Orthogonally, multiple throttlers which need to share memcacheds but not
state may specify distinct instance_name values.
- •
- Logging
If Perlbal::Plugin::Syslogger is installed and registered with the service,
Throttle can use it to send syslog messages regarding actions that are
taken. Granular control for which events are logged is available via the
log_events parameter. log_events is composed of one or more
of the following events, separated by commas:
- •
- ban
Log when a temporary local ban is added for an IP address.
- •
- unban
Log when a temporary local ban is removed for an IP address.
- •
- whitelisted
Log when a request is allowed because the source IP is on the
whitelist.
- •
- blacklisted
Log when a request is denied or throttled because the source IP is on the
blacklist.
- •
- banned
Log when a request is denied because the source IP is on the temporary ban
list for connecting excessively.
- •
- concurrent
Log when a request is denied because the source IP has too many open
connections waiting to be unthrottled.
- •
- throttled
Log when a request is throttled because the source IP was not on the
whitelist or blacklist.
- •
- all
Enables all the above logging options.
- •
- none
Disables all the above logging options.
CAVEATS¶
- •
- Dynamic configuration changes
Changes to certain service tunables will not be noticed until the
throttle reload config management command is issued.
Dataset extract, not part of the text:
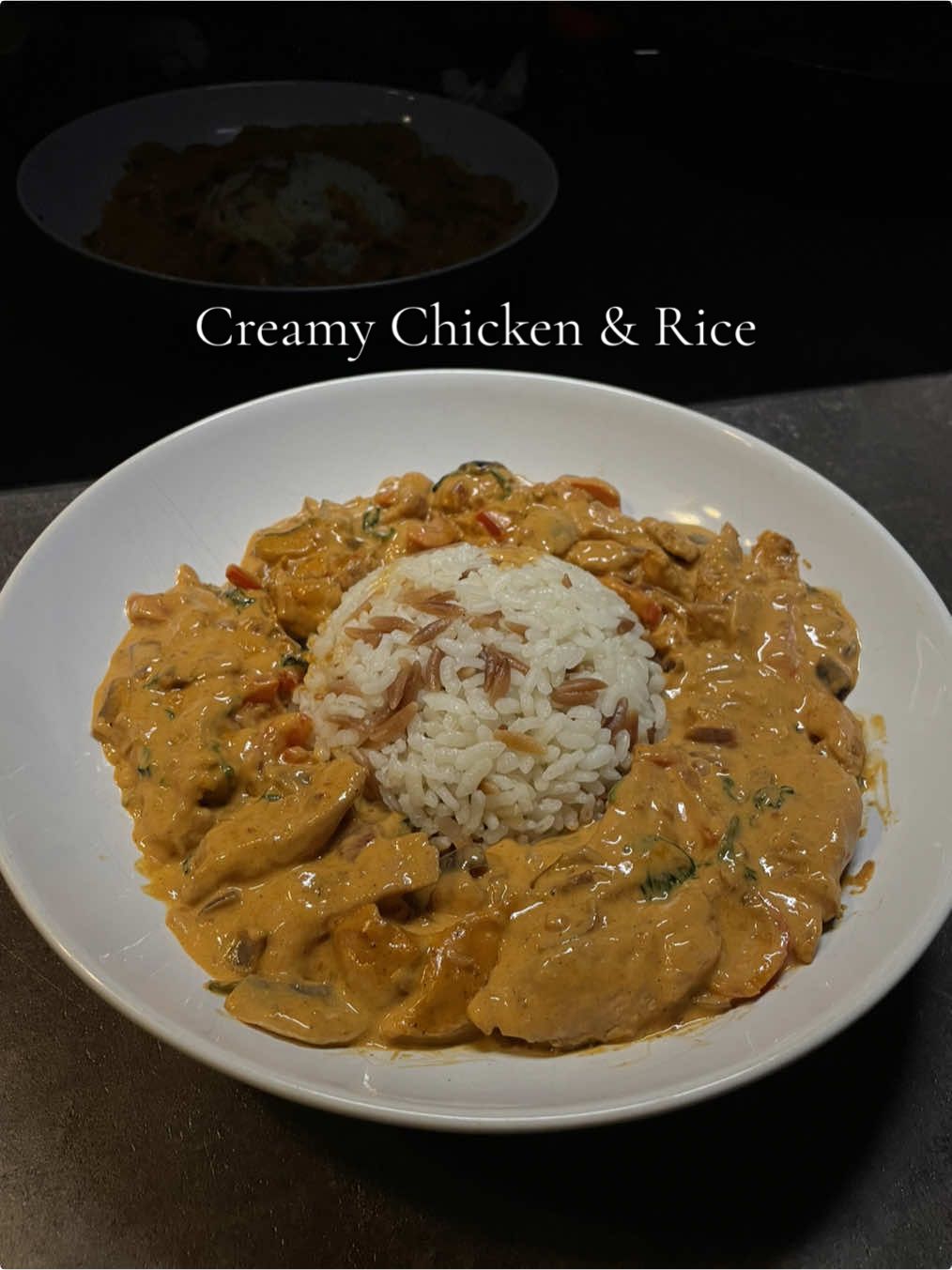 Reis mit cremiger Hähnchensoße!  Schnelles und leckeres Dinner in nur 20 min🍽️🙂 Zutaten (für 2-3 Personen):  Reis:     • 2 Gläser Reis     • halbes Glas Reisnudeln    • 1 EL Olivenöl     • 1 EL Butter    • 2 TL Salz  für die Soße:     • 200g Hähnchenbrust    • 1 rote Zwiebel     • 1 Spitzpaprika     • 3 Champignons     • 1 Knohblauchzehe     • Blattspinat    • 1 EL Tomatenmark    • 250 ml Kochsahne     • 1 EL Mehl Gewürze:     • 1 TL Salz     • 1 EL Paprikapulver (Edelsüß)     • 1 TL Peffer    • 1 TL Chiliflocken (optional)     • 1 TL Kreuzkümmel (optional)     Zubereitung für den Reis: Reisnudeln in etwas Olivenöl goldbraun anbraten, Reis dazu geben und mit Salz und Butter vermischen. Für 2 Gläser Reis, 4 Gläser kochendes Wasser dazu geben und auf hoher Temperatur köcheln lassen. Wenn der Reis auf der Oberfläche langsam zu sehen ist, Deckel zu machen und auf der niedrigsten Hitze ca 10 min einziehen lassen.  Zubereitung für die Soße:  Die Hähnchenbrust mit Mehl, Paprikapulver, Salz, Pfeffer und Kreuzkümmel marinieren und goldbraun anbraten. Herausnehmen und beiseitestellen. In derselben Pfanne Zwiebeln und Knoblauch anbraten, Paprika und Tomatenmark zugeben und kurz rösten. Champignons hinzufügen und alles gut vermengen. Das Hähnchen wieder in die Pfanne geben, mit Kochsahne ablöschen und mit Paprikapulver sowie Chiliflocken würzen. Bei niedriger Hitze köcheln lassen. Zum Schluss Blattspinat unterrühren und kurz zusammenfallen lassen. #recipes #cooking #rezept #chicken #DinnerIdeas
These
include log_events, path_regex, and method_regex).
Changes to certain other tunables will not be respected after the plugin has
been registered. These include memcached_servers and
memcached_async_clients.
- •
- List loading is blocking
The throttle reload whitelist and throttle reload blacklist
management commands load the whitelist and blacklist files synchronously,
which will cause the perlbal to hang until it completes.
- •
- Redirects
If a handled request returns a 30x response code and the redirect URI is
also throttled, then the client's attempt to follow the redirect will
necessarily be delayed by initial_delay. Fixing this would require
that the plugin inspect the HTTP response headers, which would incur a lot
of overhead. To workaround, try to have your backend not return 30x's if
both the original and redirect URI are proxied by the same throttler
instance (yes, this is difficult for the case where a backend 302s to add
a trailing / to a directory).
OPTIONAL DEPENDENCIES¶
- •
- Cache::Memcached::Async
Required for memcached support. This is the supported way to share state
between different perlbal instances.
- •
- Net::CIDR::Lite
Required for blacklist/whitelist support.
- •
- Perlbal::Plugin::Syslogger
Required for event logging support.
SEE ALSO¶
- •
- List of tunables in Throttle.pm.
TODO¶
- •
- Fix white/blacklist loading
Load CIDR lists asynchronously (perhaps in the manner of
Perlbal::Pool::_load_nodefile_async).
AUTHOR¶
Adam Thomason, <athomason@cpan.org>
COPYRIGHT AND LICENSE¶
Copyright (C) 2007-2011 by Say Media Inc, <cpan@sixapart.com>
This library is free software; you can redistribute it and/or modify it under
the same terms as Perl itself, either Perl version 5.8.6 or, at your option,
any later version of Perl 5 you may have available.